箸が配られ、焼き場の人が説明してくれる。この人も目にアイシャドウをたっぷり塗っているみたいな、ひどい顔色だ。




「まず、これが喉仏ですね。仏様が手を合わせているような形をしています。」







本当だ。仏様が両手を合わせて、祈っているように見える・・・すごい。大昔の人もこの形をみて「仏様だ」と驚いたのだろう。どんなに時代が変わっても共感できることってあるんだなぁと思った。








「ほんまやぁ・・・」と一同感動した。




「本骨」と呼ばれる小さな骨壷に喉仏を入れる。
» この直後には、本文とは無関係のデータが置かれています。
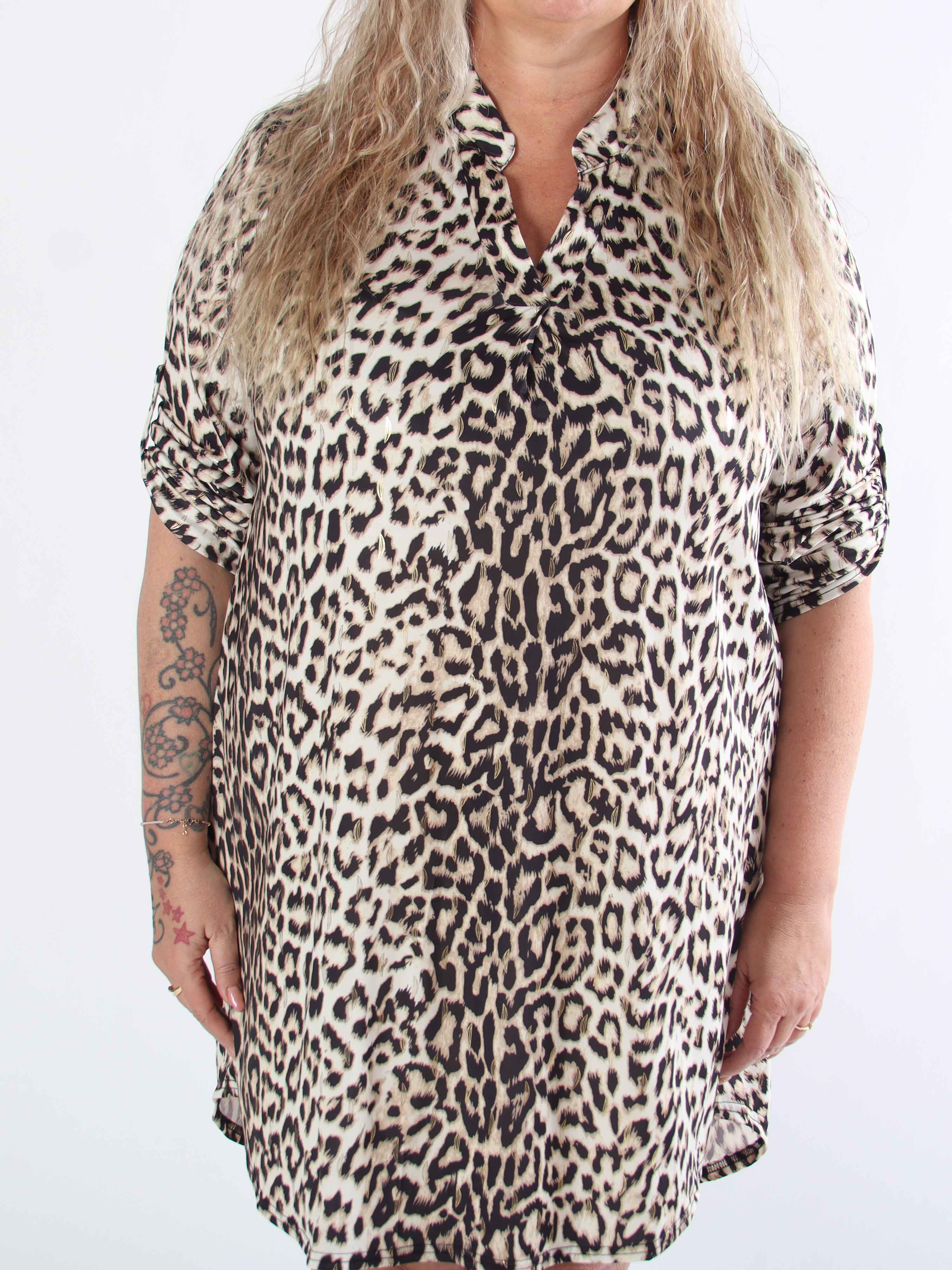 Penelope - Elastisk plus size-klänning i leopardmönster med gulddetaljer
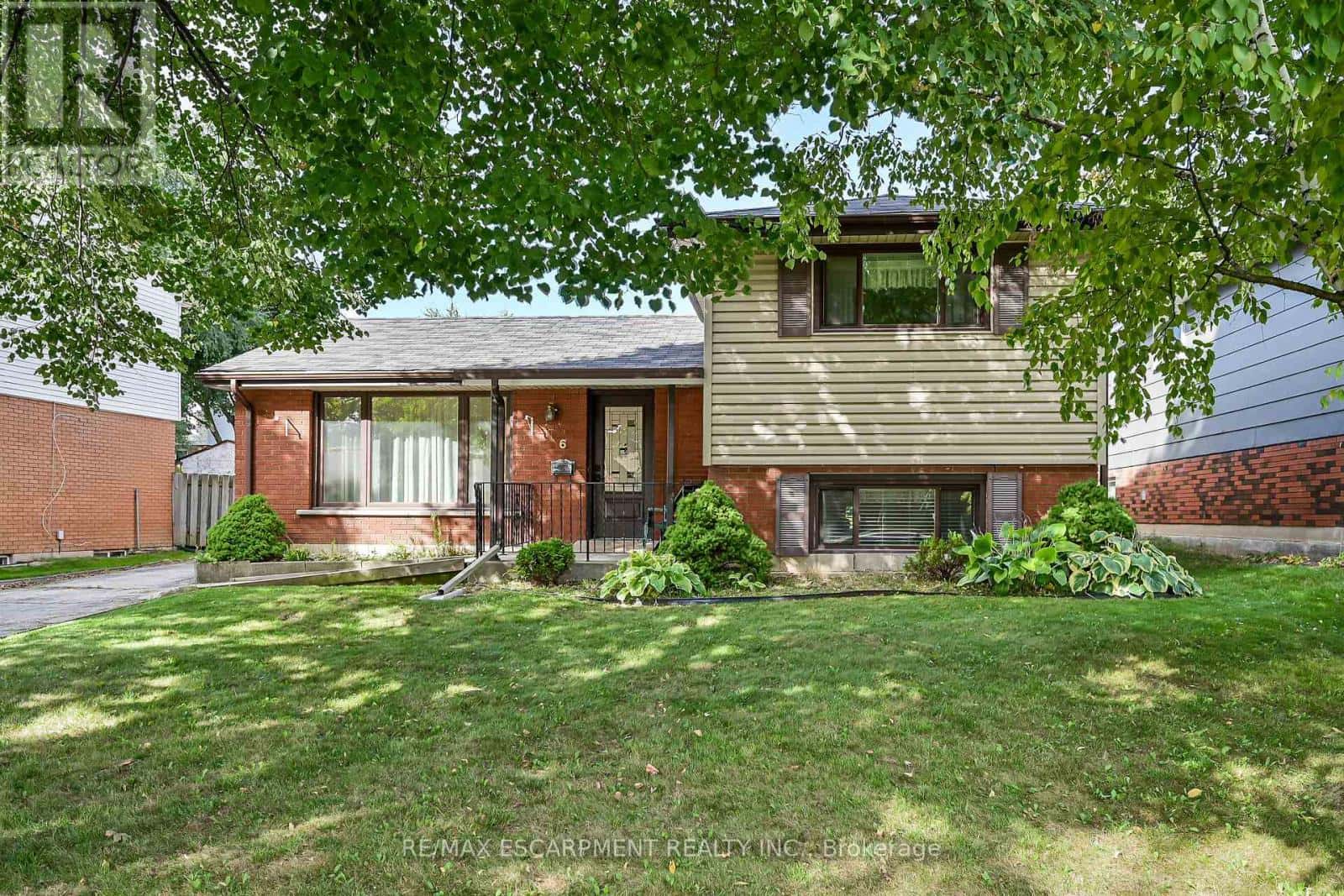 6 KIRKLAND AVENUE — Hamilton (Lawfield), Ontario - Photo 2 of 48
これは西宮のおばちゃんが慎重に行った。






次に「胴骨」と呼ばれる大きい骨壷に、身体の骨をみんなで入れていく。








「胴骨に全ての骨は入りません。足の方から徐々に入れていきましょう」








慣れた様子で骨の説明をしてくれる。







「これはカカトの骨ですね」







「これはどこの部分?これは?これはどこの部分?」








西宮のおばちゃんの登場だ。








「これは、膝のところですね」








「え?これは?これはどこの部分?これは?」







「これは、そうですね・・・これも膝のところですね」







「これは?これはどこの部分?これは、どこの部分?」







そんなにどこの部分か気になるのか!!!とツッコミたくなるくらいしつこく聞いていた。「焼肉屋にいる、肉にうるさい客」みたいな言い方やめてくれ。





結局収まりきれないくらいパンパンに骨を入れたので、蓋でギュッギュッと押し潰した。




別室にいき、2つの骨壷を白い風呂敷で包む。「本骨の中の喉仏が倒れないように慎重に包んでください」と西宮のおばちゃんが係の人にいっていたけど「そんなん無理やろ。どうせ運ぶんやし倒れるで。」とキヨちゃんがすかさず、みんなの思っていたことをツッコんでくれた。キヨちゃんは我々の代弁者であり、この場での救世主だ。